Adams turned again to the window.

The cab was passing through a residence district now. He noted with a shifting, vague interest, the houses—big, shapeless for the most part, and set far back in broad yards. The lights in the lower stories glared yellow like the earth-close eyes of crouching monsters.

Suddenly Adams pulled himself together. He began to experience a livelier interest in the dark picture of the street, with its broad curbs, its iron fences, dark hedges, and wide yards.
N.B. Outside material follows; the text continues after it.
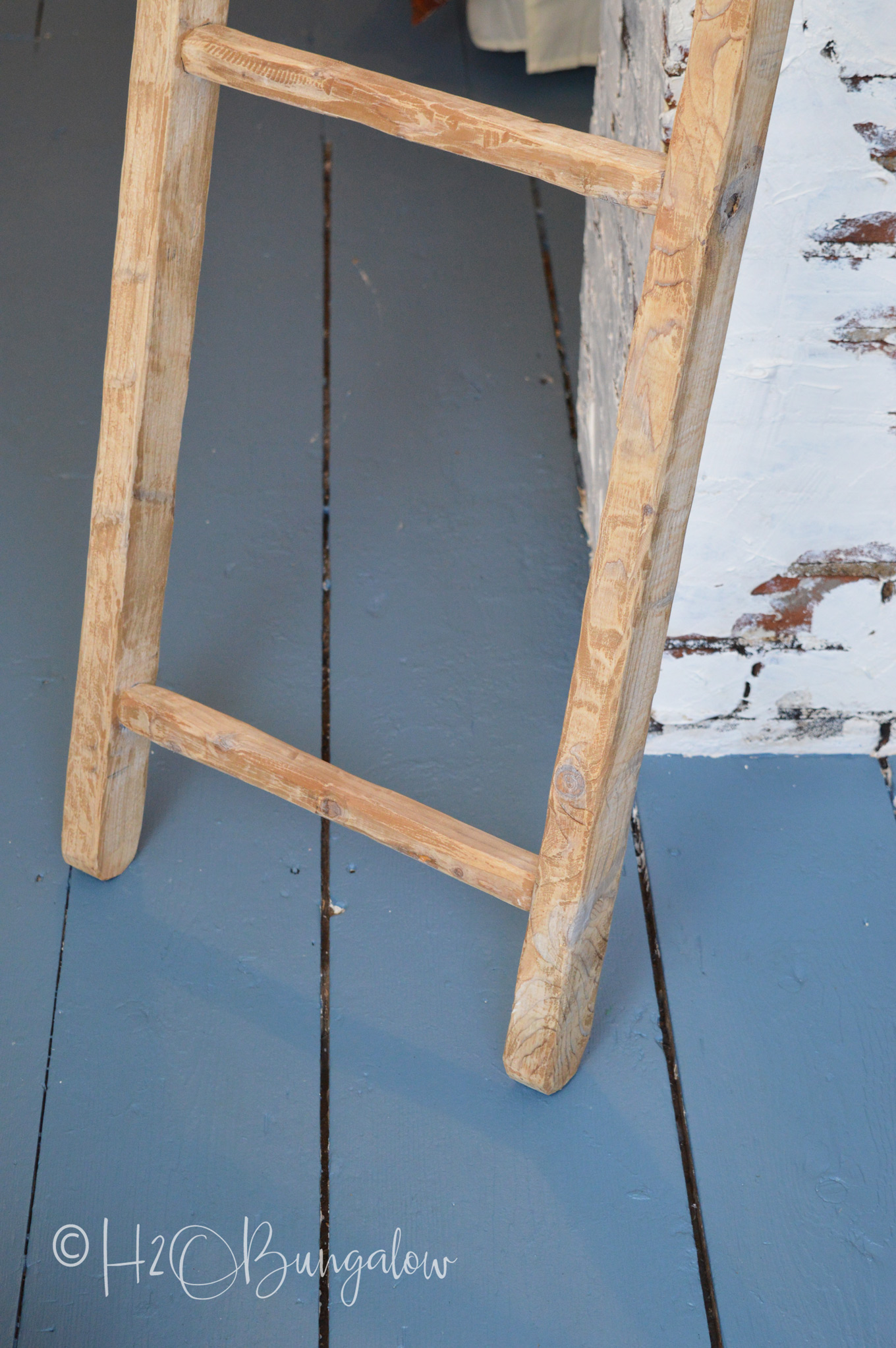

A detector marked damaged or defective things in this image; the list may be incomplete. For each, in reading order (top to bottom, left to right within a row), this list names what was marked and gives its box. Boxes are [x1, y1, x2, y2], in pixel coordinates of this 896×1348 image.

peeling white paint [576, 0, 894, 760]
chipped paint [579, 0, 894, 760]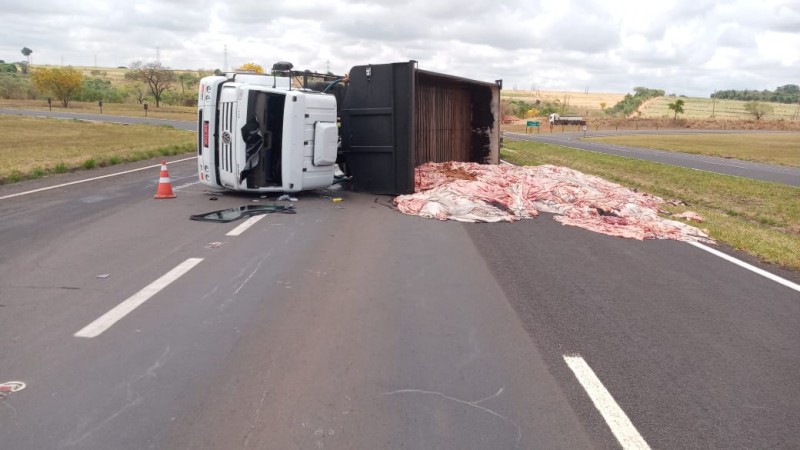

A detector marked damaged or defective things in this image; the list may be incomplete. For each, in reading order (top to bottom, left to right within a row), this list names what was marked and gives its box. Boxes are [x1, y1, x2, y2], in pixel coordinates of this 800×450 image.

overturned white truck [196, 60, 496, 194]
He pressed his face against the window in the cab door, and now and again twisted his neck to gaze as far back down the street as the swift motion of the vehicle would permit.

He remembered definitely, vividly, certain landmarks of his young boyhood, as he was whirled on, noiselessly, save for the rythmic clackety-clack of the horse's hoofs on the echoing asphalt. There was the house from the side yard of which he had once, as a tiny lad, stolen a great armful of roses. There, again, was the house with the smoke tree near the porch behind which Pauline, his little sister, and he had once hidden until the policeman passed, indolently swinging his night stick.
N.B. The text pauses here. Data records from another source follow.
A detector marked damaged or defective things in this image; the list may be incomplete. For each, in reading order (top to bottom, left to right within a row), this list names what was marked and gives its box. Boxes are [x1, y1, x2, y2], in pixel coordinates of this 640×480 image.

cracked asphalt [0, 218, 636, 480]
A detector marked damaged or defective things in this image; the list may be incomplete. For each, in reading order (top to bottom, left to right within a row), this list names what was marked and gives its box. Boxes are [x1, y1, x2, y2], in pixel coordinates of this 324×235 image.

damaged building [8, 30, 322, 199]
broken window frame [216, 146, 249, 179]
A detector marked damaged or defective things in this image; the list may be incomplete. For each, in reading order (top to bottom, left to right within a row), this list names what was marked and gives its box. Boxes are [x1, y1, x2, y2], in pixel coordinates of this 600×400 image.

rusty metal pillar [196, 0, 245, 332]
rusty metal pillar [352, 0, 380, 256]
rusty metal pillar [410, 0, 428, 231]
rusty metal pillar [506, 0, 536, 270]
Adams smiled at the recollection.

The cab came opposite a tall apartment house at the junction of a cross-town car line. On the ground now occupied by the ungainly, rambling pile of stone, he remembered vividly, had stood, when he was a very small boy—hardly big enough to push his cart—a little shack occupied by an old cobbler, deserted in his age by a son who had robbed him. Very many were the hours he had spent in that little shop. He recalled certain of those hours with a momentary pang of sadness. The cobbler had been a soldier in Poland, in his time, and was wont to tell great stories of his own valor, to which the yellow-headed lad, all forgetful of his mission and his cart, had listened wide-eyed and open-mouthed. The memory came swift and certain and distinct in detail and in the richness of it Adams shrank from the ugly stone pile in passing, as though it were a horrid thing thus to thrust itself upon a young man's memory of his little boyhood.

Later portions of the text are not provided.